Был вобщем просто ничего
на женский взгляд —
приемлем в смысле половом
и в меру гад,
а вышло никуда, и вот
такое дело —
толпится, лыбится народ
как обалделый.
Как понимать нам этот псих
со стороны?
Что он открыл? Что он постиг?
Удручены
советуются меж собой,
уходят братья.
Их заключает милый Бог
в свои объятья.
Кто уехал на работу,
огнь, ублюдок, осужденный?
По стене стремится вот он
чокнутый, непобежденный.
А земля перебедует
и прилепится к тебе,
поторгует, полютует,
скатится сама к себе.
Скажешь тоже: – Примитивна
будет будущая жизнь.
Скажешь тоже: – Как противно!
От подружки открестись,
откажись от глупой славы
и от умной откажись,
будь красивым, будь кудрявым,
будь как будущая жизнь,
понимай чего не понял
или же не понимай.
Внемли боли, внемли вони,
по утру пей черный чай.
«Мои друзья оторопело вянут…»
Мои друзья оторопело вянут,
не понимая, что уже не восемнадцать
лет отроду.
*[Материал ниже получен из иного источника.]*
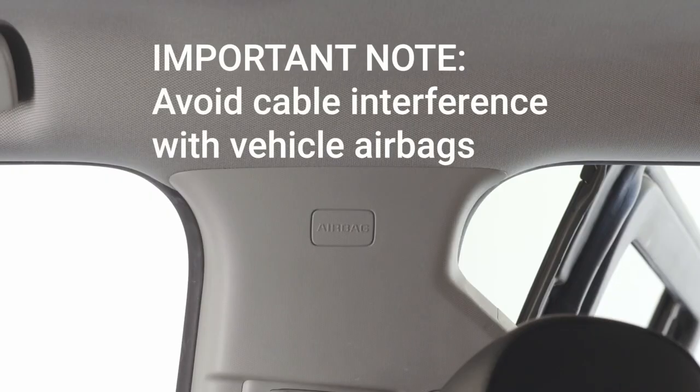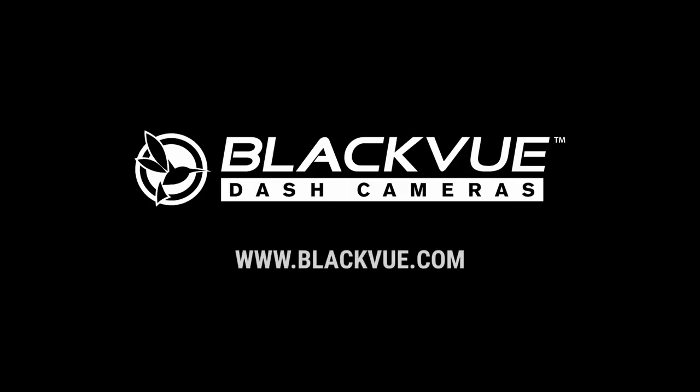Avoid running cables in any way that would interfere with airbag deployment. For more information, visit BlackVue.com.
Лишь кто-то вяло вякнет,
что телу – всё, но не впротык кончаться.
Я не поспел на похороны лжи.
Мои друзья бесчинствовали, жались.
На заднем плане хилый пейзажист
всё отражал снег залежалый.
Запечатлел печаль упругий дед
с мешком оттаявших бутылок,
забыл засечь и проходя задеть,
заехать торопя в затылок.
Спасибо и на том – ох! – и на том.
Спасибо вам и вам спасибо.
Красиво было. Будет и потом —
спасибо вам! – красиво.
«Великих перемен не то чтоб созерцатель…»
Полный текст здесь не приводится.